The cover, a spoof of Herb Alpert’s Whipped Cream and Other Delights hides a terrible secret: hidden inside are 12 tracks or dreadful, discordant mariachi band music – many of them covers of Alpert’s own hits. Alpert's sleeve was also spoofed by comedian Pat Cooper for his album Spaghetti Sauce and Other Delights in 1967.
Issued in 1966 – the same year that Mrs Miller came to the world’s attention – there can be no doubt that Sour Cream and Other Delights was put out to capitalise on America’s sudden interest in all things off-key. Was it meant to be a comedy record? Of course it was. However, were the members of the Frivolous Five in on the joke or were they – just like Mrs Miller – taken for a ride by the A&R people at RCA? It seems that, unlike the hapless Elva Miller, these ladies knew exactly what they were doing.
Mary Sawyer and Jane Sager – the two women who formed the Frivolous Five – were serious musicians and had been friends since the 1940s, the pair playing together in all-girl orchestras for a number of years and even entertaining the troops at USO shows. Jane Sager had been a soloist with the St Louis Symphony Orchestra and, amazingly, had taught trumpet to both Chet Baker and Herb Alpert. Other members of the Five included Naomi "Pee Wee" Preble (trombone), drummer Jean Lutey and keyboard player Rose Parenti. Sager and Preble had previously played together in Ina Ray Hutton’s band: Rose Parenti went on to become an actress, and is probably best remembered for playing Sister Alma in both Sister Act movies. Preble also moved into acting, and appeared in several US TV series in the 70s and 80s.
The Frivolous Five must have been having a high old time, and they were soon playing to enthusiastic audiences across the States and made several TV appearances before disbanding sometime around 1968. Sour Cream and Other Delights, their only album, was engineered by Bob Simpson - who also worked with jazz greats Louis Armstrong and Sonny Stitt as well as pop acts including Perry Como and Harry Belafonte - and was arranged by Bob Halley, who would soon go to work with Bobby Darin. Producer Paul Robinson would later work with composer Hugo Montenegro and produce a series of zodiac-related easy listening albums under the 'Astromusical House' banner.

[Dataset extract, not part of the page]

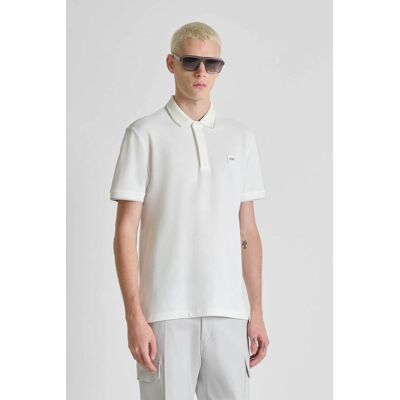 Antony Morato ανδρική μπλούζα πόλο πικέ με contrast trims και logo patch Regular Fit - KS02640FA100270 Υπόλευκο M Antony Morato ανδρική μπλούζα πόλο πικέ με contrast trims και logo patch Regular Fit - KS02640FA100270 Υπόλευκο M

Anyway, have a listen to a couple of tracks from this wonderfully bonkers record. First up is Tijuana Taxi, and what starts as a pretty faithful re-reading of the Herb Alpert hit all starts to go wrong about 35 seconds in, when the first blatantly flat notes assault your ears. From then on in it’s an audio abortion, with bum notes flying in all directions from the horn players and their piano and vibraphone accompaniment. The ‘band’ follow Alpert’s arrangement of the classic A Taste of Honey to the letter: unfortunately it still sounds diabolical.